What's Killing Frogs in Cairns?
Although Cairns is located in a tropical climate and is not far from World Heritage protected rainforests, Cairns itself is rather inhospitable to amphibians. While there are isolated pockets where frogs can still do well (for example, some streets backing onto bush and much of Division One south of Gordonvale), overall, frogs in Cairns in the past 20 years have gone 'down the tubes'.
There are so many reasons why which are listed below:
- CHEMICALS - almost certainly the neonicotinoid group
- excessive levels of parasites from cats and dogs in the environment (see the Threats - Cats page)
- habitat loss for development, particularly medium and high density residential
- modified habitats, particularly the undergrounding and cementing of creeks to create run-off drains
- so-called 'hazard reduction burning' and deliberate arson of parks, reserves and surrounding hillslopes
- a large population of introduced predatory animals (dogs and cats)
- insufficient permanent, clean freshwater sources
- disease and rampant malformations which are being caused/aggravated by chemical use
- the aggressive use of pesticides and herbicides near and in waterways
- climate changes and drought
- road kills
- household accidents such as being squashed in windows, doors, clothes hoists, awnings
- being sprayed with Dettol and other chemicals intended for cane toads (which shouldn' be sprayed on them either)
- lacerations from backyard gardening equipment such as whipper-snippers and hedge trimmers
We have even had frogs turned in to us for care that were tortured and attacked with sticks by school children and burned by adults who threw caustic chemicals on them to get rid of them. Another relocation we were asked to do was to remove the frogs from a marvellous, specially built frog pond. The distraught owner was being threatened by their neighbours who planned to poison all the frogs if they continued calling. Rather than see them killed, they opted to have them taken away. (Frogs are protected wildlife in Australia and the neighbours could have been prosected for poisoning them but that would not restore the lives of the slaughtered frogs.)

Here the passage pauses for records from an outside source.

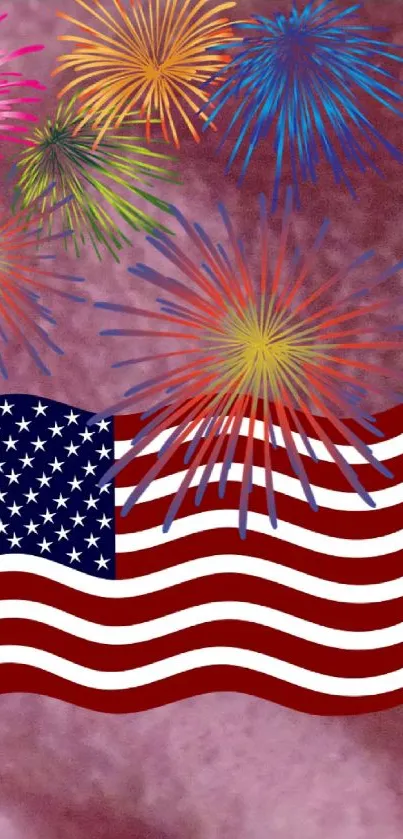 Vibrant fireworks over American flag on pink background.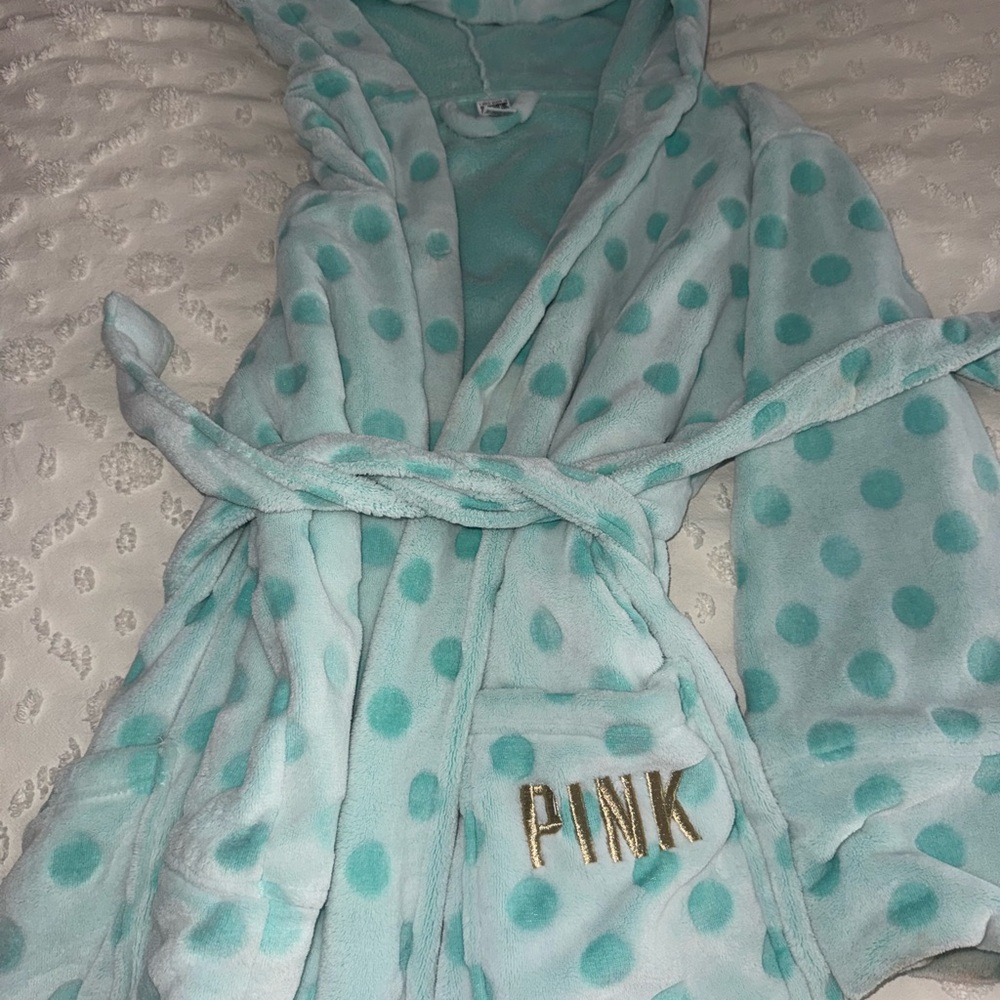 PINK Mint Green Polka Dot Hooded Robe
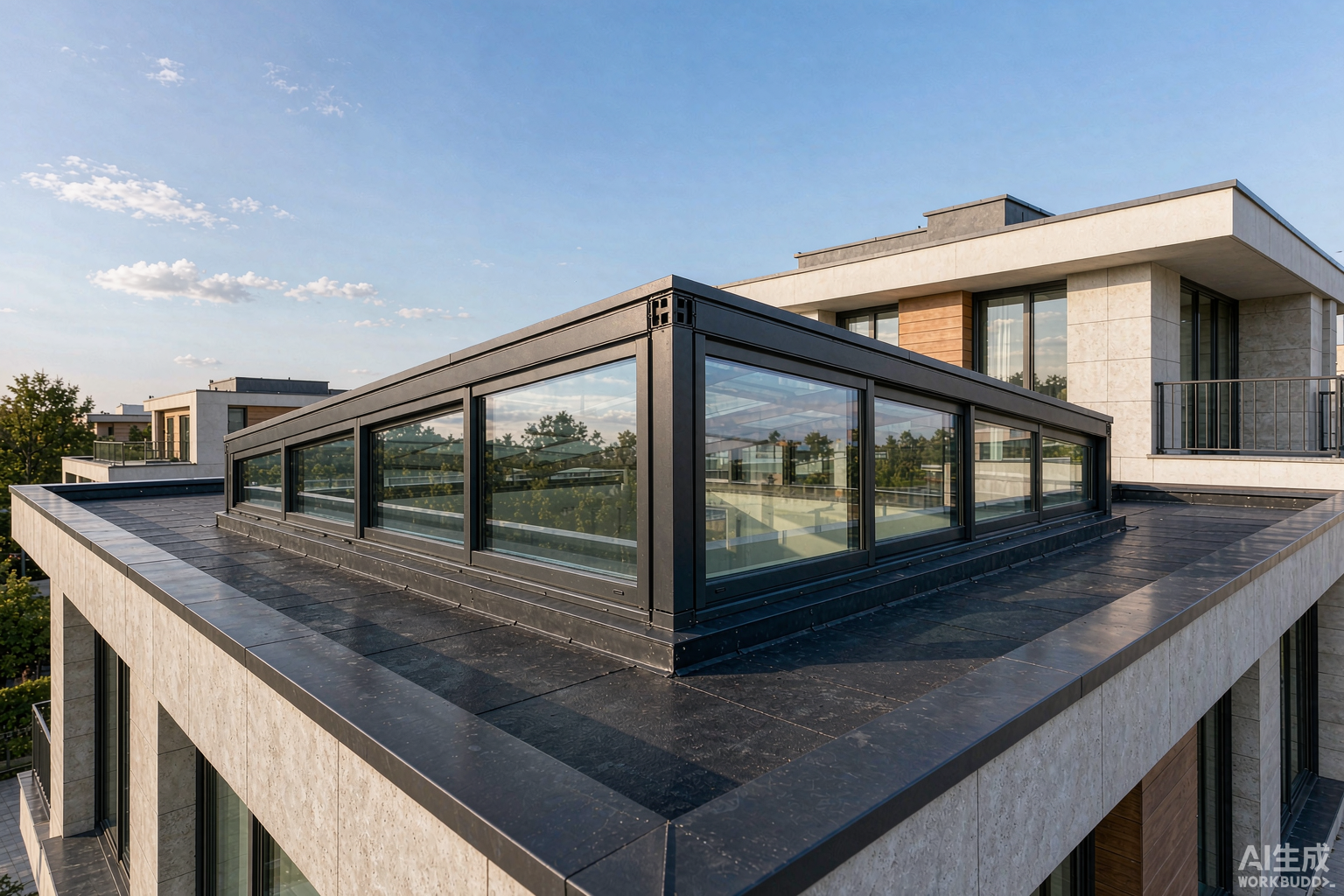 Aluminum skylight roof window installed on modern flat-roof villa in China - thermal break frame with double glazed glass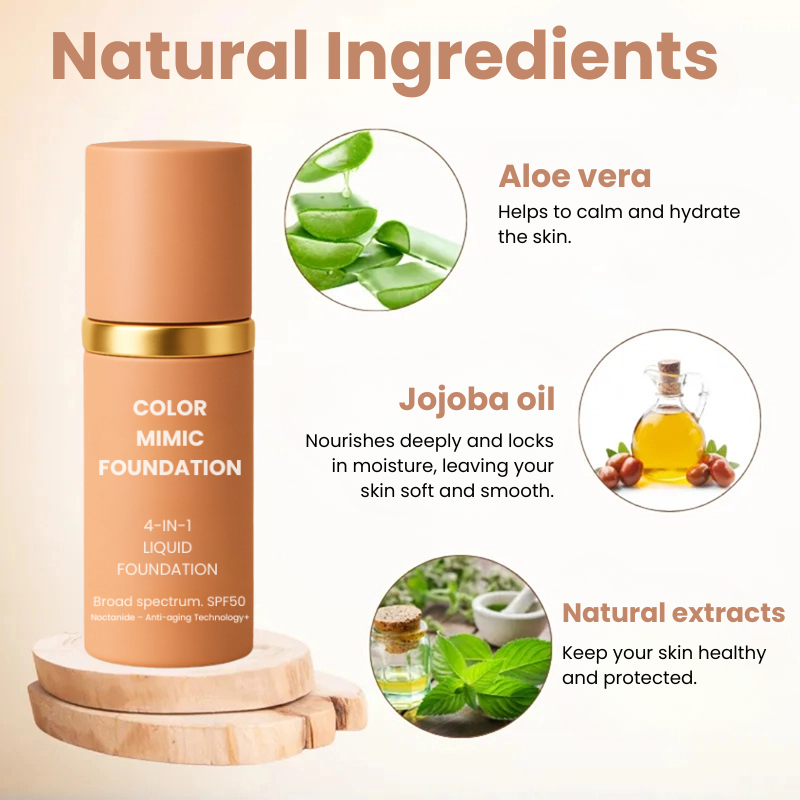 Color Mimic Foundation | The 4-in-1 SPF 50 Liquid Foundation for Instantly Flawless, Radiant Skin in Just 30 Seconds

During the severe drought from Jan 2000 to Dec 2002, the Rocket frog (Litoria nasuta) completely disappeared from the Cairns area. It took until 2007 before a few isolated pockets of very small numbers started to be seen/heard again in Edmonton and Redlynch and numbers are still low over ten years later. Thankfully there were other areas in FNQ where this species could 'hide out' the drought and emerge during better times.
There are still small numbers of frogs in Cairns but the numbers are just a shadow of what they were in 1998 when this group was first setup! Now that our group is located in Mission Beach, frog decline is obvious here too and we have already picked up three local frogs with cancer and have received many others that appear to have toxic issues.